Cuerpos para la foto

El reciente acto de piluchismo colectivo ha sido visto por algunos como el fin de la transición. Otros lo interpretan como señal inequívoca de que el Apocalipsis ya llegó a Chile. ¡No haber sabido antes que desfilar en pelotas (como decía Cervantes) era el secreto para terminar la transición! Una parada nudista de todas las fuerzas vivas del país, codo a codo y charcha a charcha con los poderes fácticos, en el óvalo del parque O’Higgins, y ¡tarán! listos para el siglo XXI. La lástima es que frente al Bellas Artes, a pesar de la voluntad de los valientes nudistas, faltó la soltura que uno asocia con una verdadera liberación. Estuvo ausente la serenidad alegre de quienes no necesitan un operativo policial o mostrar el carné para sacarse las pilchas y exhibir la humanidad. Si fue señal del fin de la transición, entonces habría que preguntarse: ¿transición de qué a qué?

Los apocalípticos, por otra parte, pueden tranquilizarse: ni desparpajo demoníaco ni bacanales en la vía pública.
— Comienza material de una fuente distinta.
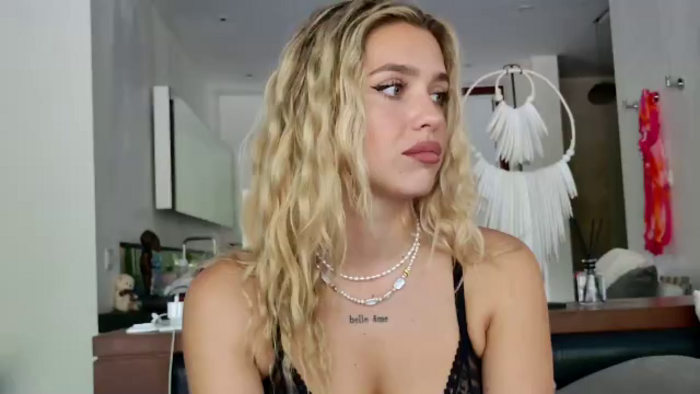 maci-reynolds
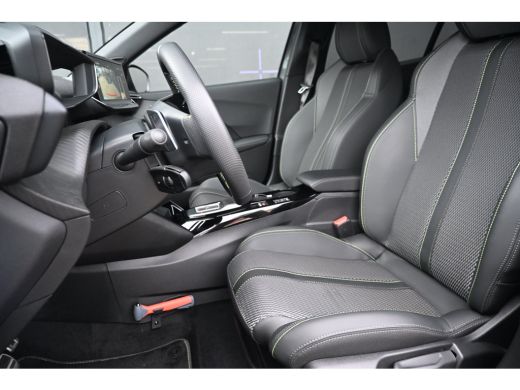 Peugeot 2008 1.2 Hybrid 145 GT Tot 8 Jaar Garantie! | Navi by App | Achteruitrijcamera | Cruise Control | Keyl... ActivLease financial lease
No hubo ni siquiera un simulacro de carnaval diablesco, ni siquiera porque, al otro lado del planeta, Ronaldo alcanzaba el pentacampeonato, con ese corte de pelo inspirado sin duda por Satán. Se vieron carreritas para acá y para allá, para combatir el frío y sus embarazosas (para los varones de Liliput) consecuencias fisiológicas, las tallas esperables cuando se juntan más de dos chilenos («miren el pajarito», etc), pero nada parecido a una debacle moral: después de la volada, vuelta a los ropajes, a la modorra de un domingo invernal y sus estufas. Un modelo de sobriedad colectiva.

Es imposible no darle interpretaciones al evento. Al presidente le soplaron eso de «país buena onda» (no vengan con que Lagos usa espontáneamente ese tipo de expresiones: «José Miguel, dile a Longueira que no sea tan mala onda»), y por ahí otros desempolvaron el eslogan deslavado de la alegría bla bla, o alabaron a Lavín por la tolerancia tan poco Opus Dei que exhibió al conceder los permisos correspondientes. Estas exageraciones indican, más que nada, la carencia que se pretende negar: si somos tan libres, no queda claro por qué tanto escándalo, por qué surge a la menor provocación ese gesto tan programado de ponerse a cantar la canción nacional, de echar a volar banderas, de armar un ambiente de frenesí patriótico. Es un misterio para mí la facilidad con que en Chile lo hacemos todo «por la patria», hasta un gesto tan íntimo como el de desnudarse. Otro misterio es que hay gente se puede sentir libre aun si está consciente de que se trata de una «libertad irrepetible», como dijo una periodista que se atrevió a escribir desde la subjetividad de su propia desnudez.

Igual, con todo el escepticismo de alguien que no se empelota en público ni amarrado, encuentro algo conmovedor en todo esto. Me conmueven sobre todo la vulnerabilidad y la belleza variopinta de esos tres mil o cuatro mil cuerpos (depende de quién cuenta la historia) brillando con todas las tonalidades de la piel en el hielo severo de Santiago. Al mirarlos, hago mía su lucha con la vergüenza, me apropio de la sensación de estar ganándole la batalla a temores tan enraizados, aunque sea a punta de risas nerviosas, de grititos y de ceacheís (otra vez, patrioterías tan raras que no se ven en otras partes, ni siquiera en la Nueva York post once-de-septiembre).

Al ver tres mil o cuatro mil cuerpos apiñados en el asfalto de las calles de Santiago, o bien desplazándose a saltos y carreritas, con incredulidad y alborozo, hacia el redil indicado, no pude dejar de pensar en la misma cantidad de cuerpos que pululan desnudos en los corredores laberínticos de nuestra historia reciente. Pensé en tres mil o cuatro mil cuerpos indefensos, ultrajados, escondidos, olvidados, repartidos por las montañas y los mares mencionados en ese mismo himno nacional que cantaron con tanto entusiasmo los piluchos compatriotas frente al Bellas Artes. Y me dije que es más saludable tener en la mente los tres mil o cuatro mil cuerpos vivos y vibrantes del domingo pasado, aun con su alegría forzada de heroísmo post-carrete. Los incorporo al repertorio de imágenes de mi país, no para borrar la memoria de los cuerpos violentados, sino como emblema de la libertad que buscamos con porfía y como encarnación de la tibia fragilidad que nos hermana y nos iguala, a pesar de nuestra infinita variedad, allí donde todo cuenta más: debajo de la ropa.